COLLECTED MATERIAL —
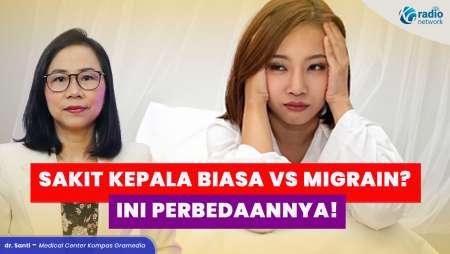 Sering Pusing? Kenali Macam-Macam Sakit Kepala & Gejalanya
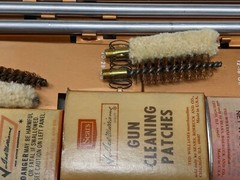Sears Ted Williams shotgun cleaning kit, multi caliber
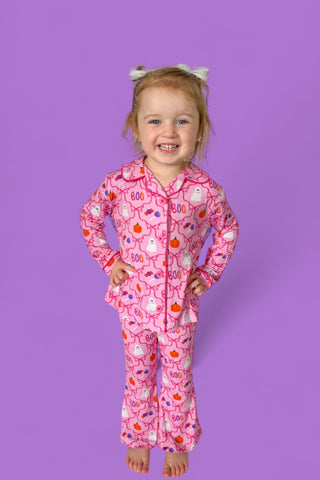 BERRY SWEET BOO DREAM GIRL'S FLARE SET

WORK ORDER — Please print the listing above again word for word, without its pictures.

ANSWER FOR THE TASK —
 Sering Pusing? Kenali Macam-Macam Sakit Kepala & Gejalanya
Sears Ted Williams shotgun cleaning kit, multi caliber
 BERRY SWEET BOO DREAM GIRL'S FLARE SET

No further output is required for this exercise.